Wednesday, October 18, 2006

Six Wild Turkeys

I suppose I should call it my pilgrim experience. On weekdays I live in the city near the spot where that light plane crashed into the high rise apartment building, reminding me of my vulnerability and that of all New Yorkers, including my new grand-daughter who also lives near the scene of the accident. I had forgotten that light planes were still allowed to use the city’s airspace over the East River despite 9/11. It was yet another instance of the stunning failure of this government on the issue of national security. New York never seemed more crowded, vulnerable or confusing, and the street traffic was more than a nightmare. One couldn’t leave the apartment without facing my fellow city folks with their cell phones glued to their ears, smiling, scowling, and chattering away like so many maniacs, rushing to places they didn’t want to go to in order to support a life they didn’t much enjoy. The mayor had just made a statement of elitist stupidity about the right of private planes to fly over the East River, in spite of the potential for future tragedies. Once again we heard that useless argument about “more people are killed in auto accidents than in light planes” – the same argument that some have made for the high casualty numbers of our soldiers in Iraq. Knowing that New York’s billionaire Mayor is a frequent flyer on his own private plane, it reminded me once again of the difference between us poor mortals and our ruling elite. At the end of the day the “screw-you” factor was hidden under the discourse, and we heard that the privileges of the powerful must be protected against all common sense, even by a shrewd political moderate like Bloomberg. Later, the government would have second thoughts about light aircraft over the city, but on that day it seemed that nothing would be done.
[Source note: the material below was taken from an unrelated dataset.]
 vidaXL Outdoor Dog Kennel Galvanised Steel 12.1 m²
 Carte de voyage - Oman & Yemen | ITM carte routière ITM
So I retreated to the Litchfield Hills, where I sometimes go for the weekend, vowing to my wife that I would not look at the Sunday New York Times, my three hours of news reading which were guaranteed to ruin the best of Sundays by bringing the world and its woes into my home. No “Meet the Press” for me. I wanted to leave North Korea and our failed nuclear control policy behind me, put the contemptible Joe Lieberman and his Republican backed candidacy out of mind, forget about all those Congressmen who had put the con in conservative, let Bush speak to the nation in his fakest, most desperate western twang without my getting his verbal cactus in my ears, and just spend the weekend reading a history book or a biography that had nothing to do with contemporary life. Something about the lives of the Tudors would do.
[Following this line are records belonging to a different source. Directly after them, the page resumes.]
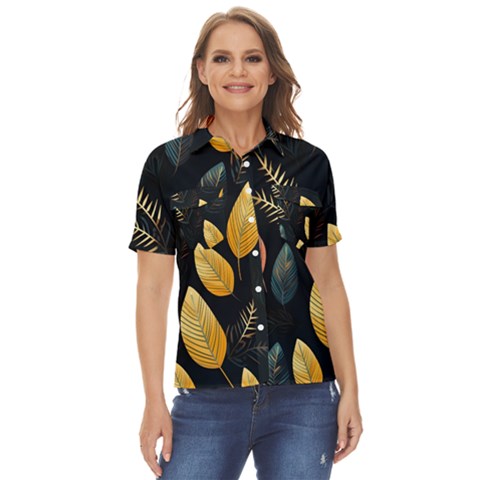 Gold Yellow Leaves Fauna Dark Background Dark Black Background Black Nature Forest Texture Wall Wall Women s Short Sleeve Double Pocket Shirt by Bedest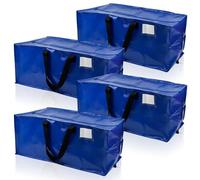 DURASACK Bolsa de transporte resistente con cremallera, correas de transporte reforzadas y correas de mochila, hecho de polipropileno tejido resistente, paquete de 4, azul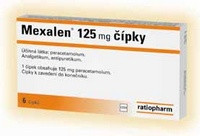 Mexalen 125 mg - 6 čípků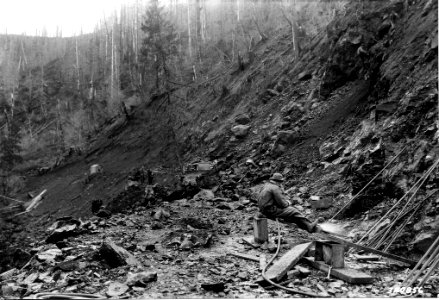 340856 CCC Camp Nehalem, Road Construction, Siuslaw NF, OR photo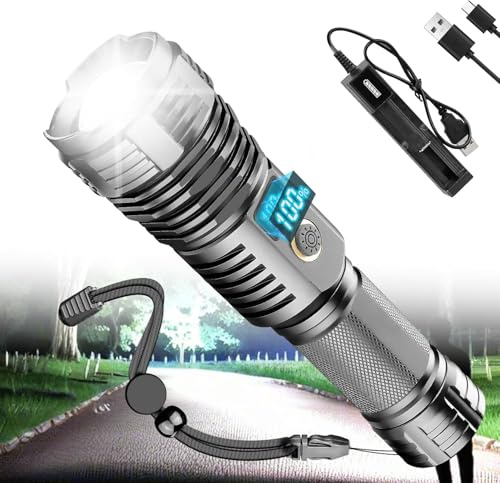 NAKCNM Taschenlampe LED Aufladbar mit Batterie und LCD Stromanzeige, LED Taschenlampe Extrem Hell 12000 Lumen, 5 Modi, Wasserdicht, 30 Std. Akkulaufzeit für Outdoor Camping Wandern Angeln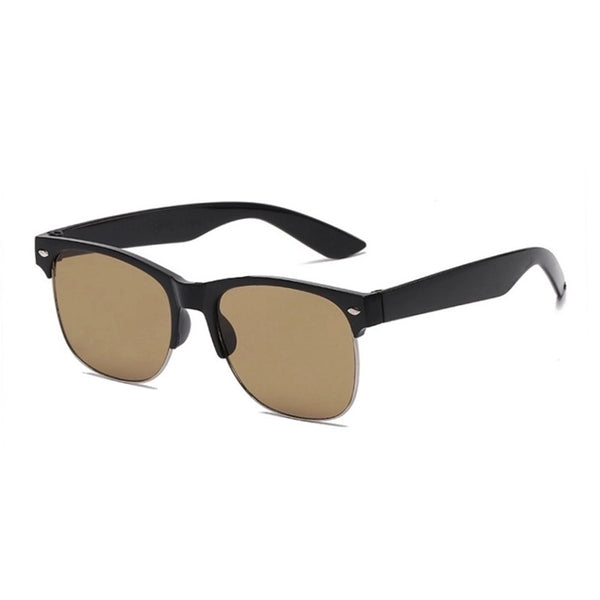 Hip-hop Geometric Glass Cat Eye Half Frame Men's Sunglasses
This was the leaf peeping season when tourists drive up to see the changing color of the autumn leaves, about the best time in the year to be in rural Northwestern Connecticut. Our local small town library was having its annual book sale, a big event in my book hungry life and I felt lucky to be in this place at this time. It was so damned beautiful. There are times when it’s great to escape into a time warp and this was one of them.
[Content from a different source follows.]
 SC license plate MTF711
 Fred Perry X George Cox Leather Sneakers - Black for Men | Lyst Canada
Sunday morning my Abyssinian cat Byron was seated on a window ledge looking out at the lawn that fronted our house near the Litchfield Hills. He arched his long neck, his bat ears twitched, and I was sure that his territorial instincts were offended by the sight of some ferile intruder cat. I rose from my chair and looked out the window and saw what had seized Byron’s attention. Wow! There, crossing the lawn were six, count ‘em, six wild turkeys. In the many years I have lived in Connecticut I have never seen wild turkeys like this brood, a proud family out for a Sunday morning, a gaggle of beauty striding forth in all their pride and innocence, and just for that moment of their passing into view, the world was reborn. We are amazing creatures. How little it takes to remind us that this world can be a good and beautiful place. I savored the moment, and then, alas, the turkeys walked into the nearby woods out of sight, and a few minutes later I got in my ancient Volvo, drove down to the village drugstore and like the news addict I am, bought the Sunday paper.